Comfort Starr | |
Birth Date: | 6 July 1589 |
Birth Place: | Cranbrook, Kent Kingdom of England |
Death Place: | Boston, Massachusetts Bay Colony |
Resting Place: | King's Chapel Burying Ground Boston, Massachusetts, U.S. |
Nationality: | English |
Occupation: | Physician |
Comfort Starr (6 July 1589 – 2 January 1659) was a 17th-century English physician who emigrated to the Thirteen Colonies. He was one of the founders of Harvard College, serving as a member of the earliest incarnation of the President and Fellows of Harvard College.
Starr was born in Cranbrook, Kent, on 6 July 1589.[1] He was one of the seventeen children of Thomas Starr.[2]

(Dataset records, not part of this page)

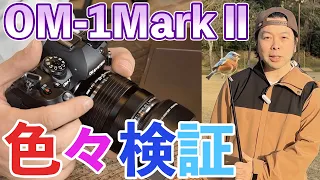 【カメラ】OM-1 MarkⅡの気になるところをチェックしてみた！鳥AFの枝ピントなど！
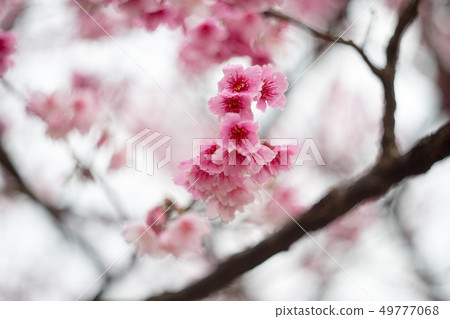 櫻花 49777068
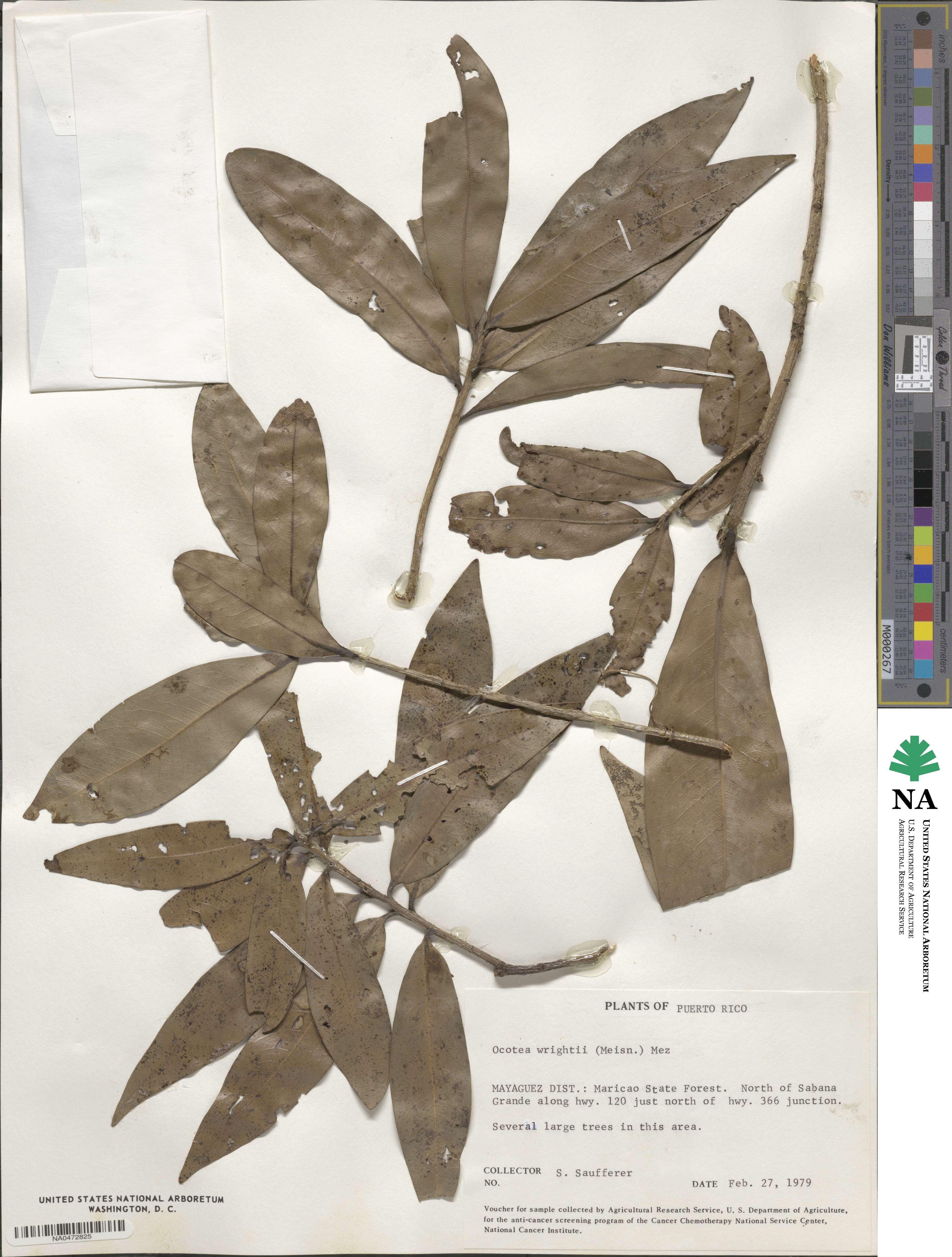 Ocotea image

In 1635, aged 45, Starr left the Kingdom of England aboard the Hercules, which launched from Sandwich, Kent. He settled in Cambridge, Colony of Massachusetts Bay,[3] where he was a founder of Harvard College the following year.[1] [4] He came with three of his children and three servants; his wife followed with most of the other children.[5] One of his daughters did not emigrate until after his death.[6]
His sister, Suretrust, also emigrated, and lived in Charlestown, Colony of Massachusetts Bay, with her husband Faithful Rouse.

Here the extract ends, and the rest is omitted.